The Middle School Philosophy - Look Down, Look Around, Step Up

It is no secret that people can be and behave selfishly. In fact, it is the default setting for all of us, since our first parents, Adam and Eve, decided to focus on themselves and their immediate desires, instead of what God had said would be both good, and good for them.

LD-LA-SU (see above) seeks to provide an easily memorable framework of thought to help our young people think like followers of Jesus. This can be very difficult in the United States, which has an intense focus on “rights”, i.e. what people owe to me. The Bible speaks from a very different perspective.

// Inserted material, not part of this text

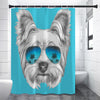 Yorkshire Terrier With Sunglasses Print Premium Shower Curtain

In His Word, God places His focus and ours on our “responsibilities”, i.e. what we owe to others.

We are asking our middle-school students to look down, that is, to look for people who are “lower” than they are - by size, by age, by skill level, by status - and to ask the question: “what are my responsibilities to these people?” Perhaps the most obvious example of this kind of thinking would be to carefully notice where our Preschoolers and Little Learners (two year olds) are, and to make sure we don’t step on them or knock them over.

We are asking our middle-school students to look around, at their peer group, and to ask “what are my responsibilities to these people?” This could include helping a classmate who doesn’t yet understand a concept, reaching out to a peer who hasn’t yet been included in the recess activities, or noticing that someone in their area is obviously having a sad day, and reaching out to them in compassion and kindness.

Finally, we encourage our middle-school students to step up, not only to ask God for guidance, self-control, and courage, but to remind ourselves of how much Jesus gave when He took the responsibility of dying for the sins of the world. In short, Jesus took responsibility for all of us, instead of focusing on what was rightfully His (see Philippians 2:1-8). God has called us to have the same attitude as Jesus.

The benefits of such Biblical thinking are many: our children will get along with each other much more consistently; each of our children will be surrounded by a group of concerned, caring individuals at all times, and they will get excellent practice at both thinking and behaving as Christian people. This will provide outstanding practice for their later years, as they assume leadership roles, the most important of which (my opinion), is when they become mothers and fathers.